Otras miradas

Troyanas: de víctimas a sujetos políticos

Octavio Salazar Benítez

Profesor titular de la Universidad de Córdoba

El valor de los clásicos reside en que no solo nos hablan del pasado, sino que también retratan el presente e incluso interrogan al futuro. Ese valor, que en el teatro se convierte en un ejercicio compartido de imaginación ética, es el que detectamos intacto y siempre fértil en la obra de Eurípides. La versión de sus Troyanas, que esta semana se ha estrenado en Mérida con dirección de Carme Portaceli y con una versión de Alberto Conejero, es una poética interpelación al corazón del patriarcado y a un orden que todavía hoy sigue convirtiendo en principales víctimas a las mujeres.

El gran acierto de esta versión, que no es casualidad que haya dirigido una mujer y que ha hilvanado un hombre que declara estar en camino de ser feminista, y a los que ha ayudado la dramaturga Margarita Borja, reside en la enorme fuerza que emana de un texto que nos habla de nosotros mismos, de las injusticias que vemos cada día en el telediario, de los niños muertos en Siria y de las mujeres violadas en cualquier guerra, de los náufragos del Mediterráneo y de las maquilas, en fin, de los hombres que siguen matando y de las madres que lloran las muertes de sus hijos. Este "desorden" dramático no es sino la expresión más brutal de un patriarcado que durante siglos se ha mantenido y prorrogado a través del ejercicio de múltiples violencias machistas, empezando por básica, que es la estructural y simbólica, que han convertido a la femenina en mitad subordinada. Sin voz ni voto, domesticadas y calladas, meros cuerpos que el semen y la sangre de los varones han convertido en territorios ocupados, las mujeres siempre han sido un territorio al servicio de los deseos e intereses masculinos: esclavas sexuales, botín de guerra, objetos de dogmas y reglas morales, vaginas violadas y úteros de alquiler.

Las Troyanas de Carme y Alberto, cuyos gritos de dolor desesperados se nos clavan en las tripas porque son gritos presentes, nos dejan absolutamente desnudos frente al espejo. A todas y a todos, pero sobre todo a nosotros, los sujetos históricamente detentadores del poder, de la violencia y de los privilegios. Masculinidades sagradas, como las califica Juan José Tamayo, que reproducen la ira de dioses varones vengadores. Hombres y dioses cómplices en la cultura de la violación, en la administración parcial de la Justicia, en la elaboración de leyes con las que mantener sus dividendos.

El desgarro de Hécuba, el grito sin final que Aitana Sánchez-Gijón convierte en eco del de millones de mujeres, es el primer paso para la conversión de las siempre víctimas en sujetos políticos.
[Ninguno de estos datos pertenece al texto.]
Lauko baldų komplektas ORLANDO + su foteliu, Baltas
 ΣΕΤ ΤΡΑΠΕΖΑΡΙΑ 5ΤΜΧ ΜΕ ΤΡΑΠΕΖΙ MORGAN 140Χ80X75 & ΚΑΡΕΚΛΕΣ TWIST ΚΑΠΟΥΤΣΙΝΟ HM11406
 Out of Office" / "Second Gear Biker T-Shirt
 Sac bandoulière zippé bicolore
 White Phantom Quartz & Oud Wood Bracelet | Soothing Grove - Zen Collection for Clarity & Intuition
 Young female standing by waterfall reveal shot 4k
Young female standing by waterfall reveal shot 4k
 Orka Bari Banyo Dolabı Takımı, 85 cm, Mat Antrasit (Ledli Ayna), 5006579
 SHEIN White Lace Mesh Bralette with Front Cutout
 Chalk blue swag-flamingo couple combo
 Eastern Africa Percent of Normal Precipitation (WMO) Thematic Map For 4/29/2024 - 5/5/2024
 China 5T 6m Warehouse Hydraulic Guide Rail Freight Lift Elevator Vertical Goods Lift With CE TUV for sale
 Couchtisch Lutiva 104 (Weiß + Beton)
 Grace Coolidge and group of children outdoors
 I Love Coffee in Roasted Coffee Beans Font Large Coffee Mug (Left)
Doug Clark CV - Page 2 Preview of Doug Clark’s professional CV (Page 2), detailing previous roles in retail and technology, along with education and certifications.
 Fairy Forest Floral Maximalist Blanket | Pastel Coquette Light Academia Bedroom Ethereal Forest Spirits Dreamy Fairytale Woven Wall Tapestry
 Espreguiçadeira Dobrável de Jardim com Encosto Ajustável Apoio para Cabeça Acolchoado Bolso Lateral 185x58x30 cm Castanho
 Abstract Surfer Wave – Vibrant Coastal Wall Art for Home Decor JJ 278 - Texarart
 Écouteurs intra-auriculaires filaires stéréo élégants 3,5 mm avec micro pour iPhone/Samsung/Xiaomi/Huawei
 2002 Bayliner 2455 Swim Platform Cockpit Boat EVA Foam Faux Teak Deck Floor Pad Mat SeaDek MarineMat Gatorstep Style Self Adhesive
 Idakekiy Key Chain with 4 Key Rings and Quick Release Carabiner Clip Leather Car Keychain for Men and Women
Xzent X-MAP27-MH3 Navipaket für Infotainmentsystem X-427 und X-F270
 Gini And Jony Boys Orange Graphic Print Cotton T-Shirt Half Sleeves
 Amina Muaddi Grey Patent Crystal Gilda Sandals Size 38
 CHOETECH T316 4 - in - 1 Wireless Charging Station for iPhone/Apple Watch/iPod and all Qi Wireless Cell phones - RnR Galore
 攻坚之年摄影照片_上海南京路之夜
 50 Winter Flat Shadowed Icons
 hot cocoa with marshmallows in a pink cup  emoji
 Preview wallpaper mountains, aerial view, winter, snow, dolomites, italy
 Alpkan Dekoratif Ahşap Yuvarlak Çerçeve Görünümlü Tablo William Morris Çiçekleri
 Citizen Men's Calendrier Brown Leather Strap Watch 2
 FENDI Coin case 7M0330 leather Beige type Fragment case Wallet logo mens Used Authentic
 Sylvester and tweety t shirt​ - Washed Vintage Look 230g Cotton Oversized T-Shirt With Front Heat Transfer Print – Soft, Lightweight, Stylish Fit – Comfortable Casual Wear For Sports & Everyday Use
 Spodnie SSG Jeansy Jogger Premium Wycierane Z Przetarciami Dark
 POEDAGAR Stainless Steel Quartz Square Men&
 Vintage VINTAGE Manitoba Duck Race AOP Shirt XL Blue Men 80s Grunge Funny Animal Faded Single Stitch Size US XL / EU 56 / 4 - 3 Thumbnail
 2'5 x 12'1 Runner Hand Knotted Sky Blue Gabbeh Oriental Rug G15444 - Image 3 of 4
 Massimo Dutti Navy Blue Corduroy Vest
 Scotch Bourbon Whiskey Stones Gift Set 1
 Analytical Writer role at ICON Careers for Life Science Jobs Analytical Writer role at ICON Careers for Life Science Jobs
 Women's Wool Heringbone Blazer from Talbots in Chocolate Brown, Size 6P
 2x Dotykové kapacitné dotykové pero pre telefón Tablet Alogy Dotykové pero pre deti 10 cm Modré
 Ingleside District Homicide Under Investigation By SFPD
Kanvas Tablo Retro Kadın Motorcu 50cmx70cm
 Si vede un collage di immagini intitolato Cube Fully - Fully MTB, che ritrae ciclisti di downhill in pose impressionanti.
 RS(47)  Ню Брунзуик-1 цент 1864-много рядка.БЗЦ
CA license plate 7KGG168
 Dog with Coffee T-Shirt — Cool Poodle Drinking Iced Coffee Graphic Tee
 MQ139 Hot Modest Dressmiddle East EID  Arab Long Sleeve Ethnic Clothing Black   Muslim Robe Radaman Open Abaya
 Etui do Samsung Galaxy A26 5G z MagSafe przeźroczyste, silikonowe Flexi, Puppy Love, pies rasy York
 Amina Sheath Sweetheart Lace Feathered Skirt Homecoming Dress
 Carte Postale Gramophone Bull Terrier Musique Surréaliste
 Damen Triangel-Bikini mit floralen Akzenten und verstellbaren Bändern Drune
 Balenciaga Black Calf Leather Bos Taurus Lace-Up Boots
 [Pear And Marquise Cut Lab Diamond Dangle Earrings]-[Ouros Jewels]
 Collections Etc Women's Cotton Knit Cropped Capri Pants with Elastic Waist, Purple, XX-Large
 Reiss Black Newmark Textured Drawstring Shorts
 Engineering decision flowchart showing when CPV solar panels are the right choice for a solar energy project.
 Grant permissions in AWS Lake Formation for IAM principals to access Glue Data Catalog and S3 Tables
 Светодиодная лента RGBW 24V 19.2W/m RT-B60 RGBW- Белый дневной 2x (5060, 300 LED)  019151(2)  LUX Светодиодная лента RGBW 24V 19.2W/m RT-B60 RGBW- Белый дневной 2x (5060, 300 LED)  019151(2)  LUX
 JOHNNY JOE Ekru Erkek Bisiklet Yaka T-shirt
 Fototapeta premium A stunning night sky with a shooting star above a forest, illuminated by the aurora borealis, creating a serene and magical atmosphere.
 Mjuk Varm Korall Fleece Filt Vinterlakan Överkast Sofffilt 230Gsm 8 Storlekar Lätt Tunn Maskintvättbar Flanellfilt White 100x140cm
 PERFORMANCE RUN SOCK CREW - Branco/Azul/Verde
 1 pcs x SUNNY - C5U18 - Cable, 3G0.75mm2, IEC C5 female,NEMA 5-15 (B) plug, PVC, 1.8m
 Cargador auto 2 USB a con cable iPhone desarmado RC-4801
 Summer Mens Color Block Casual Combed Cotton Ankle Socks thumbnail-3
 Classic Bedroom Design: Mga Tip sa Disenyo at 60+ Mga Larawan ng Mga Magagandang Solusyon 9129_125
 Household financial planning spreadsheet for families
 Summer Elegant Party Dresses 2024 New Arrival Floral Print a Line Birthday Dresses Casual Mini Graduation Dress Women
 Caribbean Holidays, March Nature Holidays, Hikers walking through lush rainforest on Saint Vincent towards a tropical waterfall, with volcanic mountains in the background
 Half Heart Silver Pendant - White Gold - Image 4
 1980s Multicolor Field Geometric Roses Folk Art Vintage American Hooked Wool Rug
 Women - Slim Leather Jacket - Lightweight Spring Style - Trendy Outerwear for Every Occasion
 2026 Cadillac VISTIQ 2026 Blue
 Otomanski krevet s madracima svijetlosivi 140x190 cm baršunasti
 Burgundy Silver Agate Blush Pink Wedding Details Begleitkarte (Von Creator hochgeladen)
Ellas, las madres, las esposas, las hijas, las prometidas, las vendidas como objetos, son las que ocupan el escenario y hablan. Toman la palabra y se rebelan contra el mandato del silencio. Se atreven a desobedecer el "hágase en mí según tu palabra" y se agarran a la energía emancipadora del yo. Estas apátridas, que diría Virginia Woolf, son las primeras de una larga cadena de mujeres que con muchas dificultades se han ido empoderando y han ido cosiendo, con hilo violeta, pacifista y feminista, las hondas heridas que el patriarca ha ido dejando en el planeta Tierra. En lucha permanente con los que siempre hemos querido y queremos tener la última palabra y a la que más nos valdría abandonar la virilidad vergonzante de Taltibio, el mensajero de los dioses que interpreta Ernesto Alterio en esta versión recién estrenada,  y matar de una vez por todas al dios violento y el héroe sin escrúpulos que llevamos dentro. En nombre de la diosa Eirene y de los de tantas y tantas mujeres cuya sangre derramada convierte en vinagre el vino fecundo y alegre de la democracia.